Data to process:
___

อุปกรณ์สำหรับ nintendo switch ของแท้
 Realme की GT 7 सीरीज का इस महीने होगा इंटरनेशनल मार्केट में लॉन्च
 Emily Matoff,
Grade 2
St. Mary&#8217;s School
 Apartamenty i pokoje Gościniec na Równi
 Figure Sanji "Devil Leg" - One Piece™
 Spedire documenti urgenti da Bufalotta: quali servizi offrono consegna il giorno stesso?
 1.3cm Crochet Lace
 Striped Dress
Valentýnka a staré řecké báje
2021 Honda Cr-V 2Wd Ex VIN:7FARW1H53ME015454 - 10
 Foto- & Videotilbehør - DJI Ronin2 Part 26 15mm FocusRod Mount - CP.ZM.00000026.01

___

Instructions to follow: Taking care to match every character, output all of the entries above.

Output for this task:
อุปกรณ์สำหรับ nintendo switch ของแท้
 Realme की GT 7 सीरीज का इस महीने होगा इंटरनेशनल मार्केट में लॉन्च
 Emily Matoff,
Grade 2
St. Mary&#8217;s School
 Apartamenty i pokoje Gościniec na Równi
 Figure Sanji "Devil Leg" - One Piece™
 Spedire documenti urgenti da Bufalotta: quali servizi offrono consegna il giorno stesso?
 1.3cm Crochet Lace
 Striped Dress
Valentýnka a staré řecké báje
2021 Honda Cr-V 2Wd Ex VIN:7FARW1H53ME015454 - 10
 Foto- & Videotilbehør - DJI Ronin2 Part 26 15mm FocusRod Mount - CP.ZM.00000026.01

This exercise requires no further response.